However, this is not the case for the layer following our convolutional
layers. Here, the teacher has more neurons than the student after the
flattening of the final convolutional layer. Our loss function accepts
two vectors of equal dimensionality as inputs, therefore we need to
somehow match them. We will solve this by including an average pooling
layer after the teacher\'s convolutional layer to reduce its
dimensionality to match that of the student.

To proceed, I will modify our model classes, or create new ones. Now,
the forward function returns not only the logits of the network but also
the flattened hidden representation after the convolutional layer. We
include the aforementioned pooling for the modified teacher.


In [None]:
class ModifiedDeepNNCosine(nn.Module):
    def __init__(self, num_classes=10):
        super(ModifiedDeepNNCosine, self).__init__()
        self.features = nn.Sequential(
            nn.Conv2d(3, 128, kernel_size=3, padding=1),
            nn.ReLU(),
            nn.Conv2d(128, 64, kernel_size=3, padding=1),
            nn.ReLU(),
            nn.MaxPool2d(kernel_size=2, stride=2),
            nn.Conv2d(64, 64, kernel_size=3, padding=1),
            nn.ReLU(),
            nn.Conv2d(64, 32, kernel_size=3, padding=1),
            nn.ReLU(),
            nn.MaxPool2d(kernel_size=2, stride=2),
        )
        self.classifier = nn.Sequential(
            nn.Linear(2048, 512),
            nn.ReLU(),
            nn.Dropout(0.1),
            nn.Linear(512, num_classes)
        )

    def forward(self, x):
        x = self.features(x)
        flattened_conv_output = torch.flatten(x, 1)
        x = self.classifier(flattened_conv_output)
        flattened_conv_output_after_pooling = torch.nn.functional.avg_pool1d(flattened_conv_output, 2)
        return x, flattened_conv_output_after_pooling

# Create a similar student class where we return a tuple. We do not apply pooling after flattening.
class ModifiedLightNNCosine(nn.Module):
    def __init__(self, num_classes=10):
        super(ModifiedLightNNCosine, self).__init__()
        self.features = nn.Sequential(
            nn.Conv2d(3, 16, kernel_size=3, padding=1),
            nn.ReLU(),
            nn.MaxPool2d(kernel_size=2, stride=2),
            nn.Conv2d(16, 16, kernel_size=3, padding=1),
            nn.ReLU(),
            nn.MaxPool2d(kernel_size=2, stride=2),
        )
        self.classifier = nn.Sequential(
            nn.Linear(1024, 256),
            nn.ReLU(),
            nn.Dropout(0.1),
            nn.Linear(256, num_classes)
        )

    def forward(self, x):
        x = self.features(x)
        flattened_conv_output = torch.flatten(x, 1)
        x = self.classifier(flattened_conv_output)
        return x, flattened_conv_output

# We do not have to train the modified deep network from scratch of course, we just load its weights from the trained instance
modified_nn_deep = ModifiedDeepNNCosine(num_classes=10).to(device)
modified_nn_deep.load_state_dict(nn_deep.state_dict())

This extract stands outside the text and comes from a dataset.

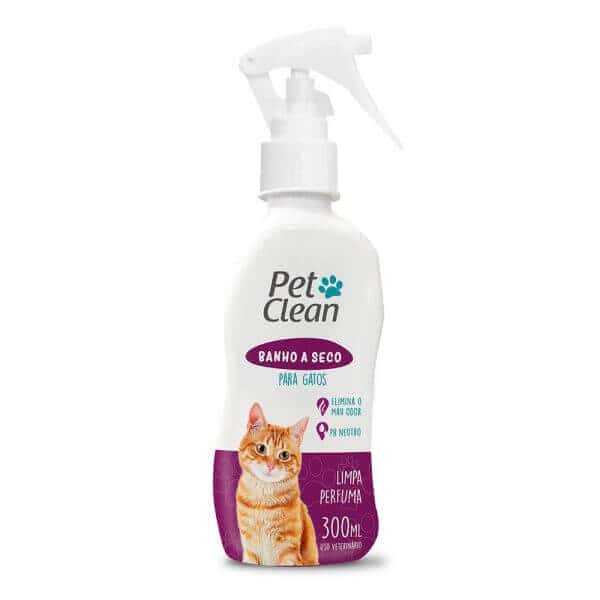 Pet Clean Banho Seco Spray Gatos 300 ml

# Once again ensure the norm of the first layer is the same for both networks
print("Norm of 1st layer for deep_nn:", torch.norm(nn_deep.features[0].weight).item())
print("Norm of 1st layer for modified_deep_nn:", torch.norm(modified_nn_deep.features[0].weight).item())

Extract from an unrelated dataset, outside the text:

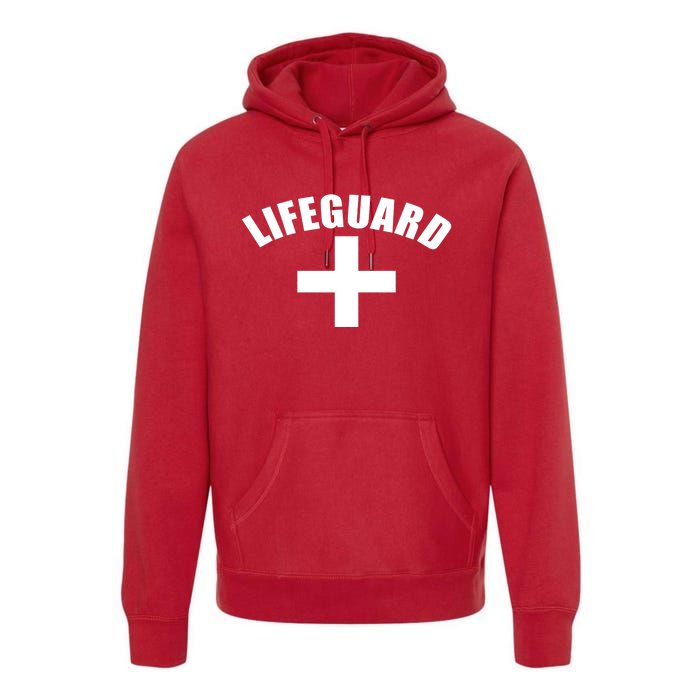 Lifeguard Cross Logo Premium Hoodie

# Initialize a modified lightweight network with the same seed as our other lightweight instances. This will be trained from scratch to examine the effectiveness of cosine loss minimization.
torch.manual_seed(42)
modified_nn_light = ModifiedLightNNCosine(num_classes=10).to(device)
print("Norm of 1st layer:", torch.norm(modified_nn_light.features[0].weight).item())

Naturally, I need to change the train loop because now the model
returns a tuple `(logits, hidden_representation)`. Using a sample input
tensor we can print their shapes.


In [None]:
# Create a sample input tensor
sample_input = torch.randn(128, 3, 32, 32).to(device) # Batch size: 128, Filters: 3, Image size: 32x32

# Pass the input through the student
logits, hidden_representation = modified_nn_light(sample_input)

# Print the shapes of the tensors
print("Student logits shape:", logits.shape) # batch_size x total_classes
print("Student hidden representation shape:", hidden_representation.shape) # batch_size x hidden_representation_size

# Pass the input through the teacher
logits, hidden_representation = modified_nn_deep(sample_input)

# Print the shapes of the tensors
print("Teacher logits shape:", logits.shape) # batch_size x total_classes
print("Teacher hidden representation shape:", hidden_representation.shape) # batch_size x hidden_representation_size

In [None]:
def train_cosine_loss(teacher, student, train_loader, epochs, learning_rate, hidden_rep_loss_weight, ce_loss_weight, device):
    ce_loss = nn.CrossEntropyLoss()
    cosine_loss = nn.CosineEmbeddingLoss()
    optimizer = optim.Adam(student.parameters(), lr=learning_rate)

    teacher.to(device)
    student.to(device)
    teacher.eval()  # Teacher set to evaluation mode
    student.train() # Student to train mode

    for epoch in range(epochs):
        running_loss = 0.0
        for inputs, labels in train_loader:
            inputs, labels = inputs.to(device), labels.to(device)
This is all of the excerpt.